SUPPLIED MATERIAL
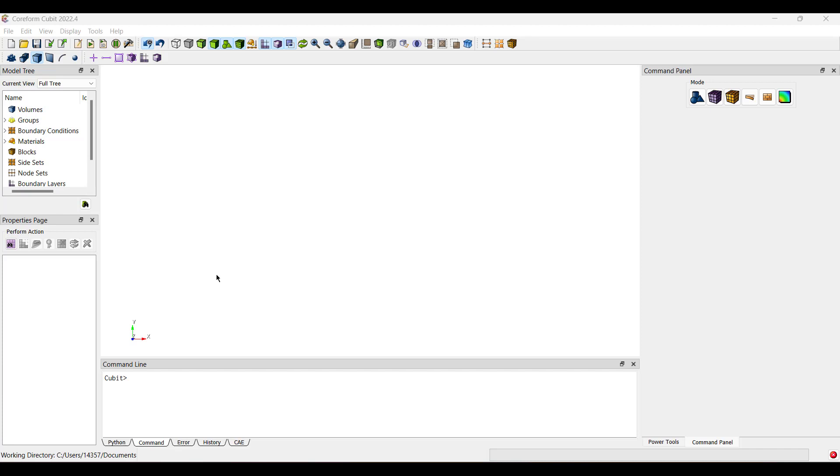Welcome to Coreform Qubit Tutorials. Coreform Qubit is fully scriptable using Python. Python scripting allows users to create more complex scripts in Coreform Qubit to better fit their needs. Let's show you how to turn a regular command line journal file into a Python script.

---

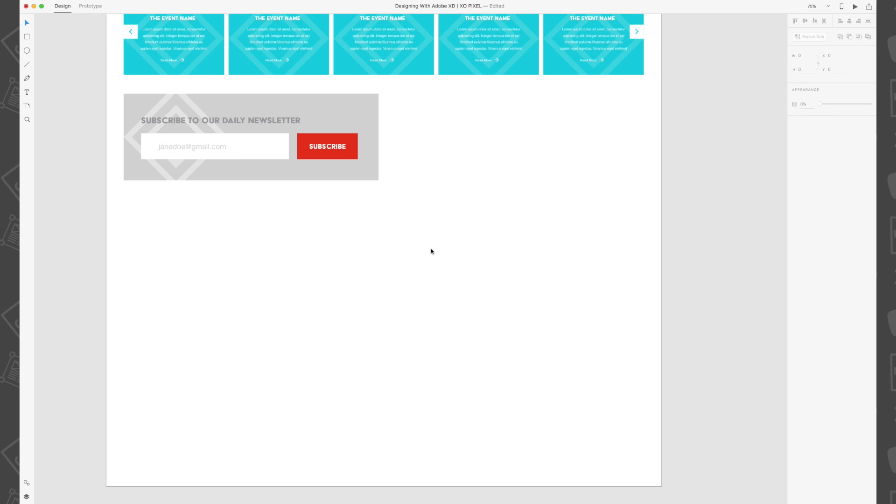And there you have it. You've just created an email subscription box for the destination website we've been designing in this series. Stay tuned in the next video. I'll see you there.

==

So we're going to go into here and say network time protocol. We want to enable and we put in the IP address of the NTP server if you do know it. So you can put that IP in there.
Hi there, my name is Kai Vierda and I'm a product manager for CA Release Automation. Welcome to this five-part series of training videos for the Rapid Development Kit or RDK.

AIM OF THE EXERCISE
Using the data above, reproduce exactly the lines from the line that contains "So we're going" through the line that contains "Hi there, my", including both.

ANSWER SPACE
So we're going to go into here and say network time protocol. We want to enable and we put in the IP address of the NTP server if you do know it. So you can put that IP in there.
Hi there, my name is Kai Vierda and I'm a product manager for CA Release Automation. Welcome to this five-part series of training videos for the Rapid Development Kit or RDK.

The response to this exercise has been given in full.